Package 'thamesmix'

Title: Truncated Harmonic Mean Estimator of the Marginal Likelihood for Mixtures
Description: Implements the truncated harmonic mean estimator (THAMES) of the reciprocal marginal likelihood for uni- and multivariate mixture models using posterior samples and unnormalized log posterior values via reciprocal importance sampling. Metodiev, Irons, Perrot-Dockès, Latouche & Raftery (2025) <doi:10.48550/arXiv.2504.21812>.
Authors: Martin Metodiev [aut, cre, cph] (ORCID: <https://orcid.org/0009-0000-9432-3756>), Nicholas J. Irons [aut] (ORCID: <https://orcid.org/0000-0002-9720-8259>), Marie Perrot-Dockès [aut]
Maintainer: Martin Metodiev <[email protected]>
License: GPL (>= 3)
Version: 0.1.3
Built: 2026-06-05 08:10:03 UTC
Source: https://github.com/m-metodiev/thamesmix

Help Index


all topological orderings of a DAG

Description

This function computes all topological orderings of a graph using the recursive algorithm described in Knuth and Szwarcfiter (1974).

Usage

alltopsorts_recursion(n, adj_list)

Arguments

n

number of nodes in the DAG

adj_list

edges given as an adjacency list

Value

Returns a list of topological orderings.

References

Knuth, D. E. and J. L. Szwarcfiter (1974). A structured program to generate all topological sorting arrangements. Information Processing Letters 2(6), 153–157.

Examples

n = 4
alltopsorts_recursion(n, list(c(1,3),c(2,4)))
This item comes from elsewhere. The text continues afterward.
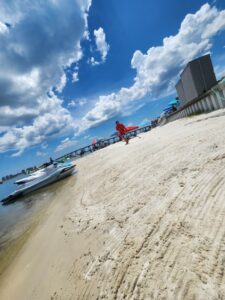 Private beach and paved parking at Navarre Family Watersports Adventure Complex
Nobile's identity for the marginal likelihood

Description

This function uses the identity from Nobile (2004, 2007) to compute an estimate of the marginal likelihood for a mixture model with G components given an estimate of the marginal likelihood for a mixture model with G-1 components and an estimate of the proportion of empty components.

Usage

compute_nobile_identity(logZhatGminus1, p0hat_value, G, dirichlet_vec, n)

Arguments

logZhatGminus1

estimate of the marginal likelihood for G-1

p0hat_value

estimate of the proportion of empty components

G

number of components

dirichlet_vec

hyperparameter-vector of the dirichlet prior

n

size of the data

Value

estimate of the marginal likelihood for G

References

Nobile, A. (2004). On the posterior distribution of the number of components in a finite mixture. The Annals of Statistics 32(5), 2044–2073.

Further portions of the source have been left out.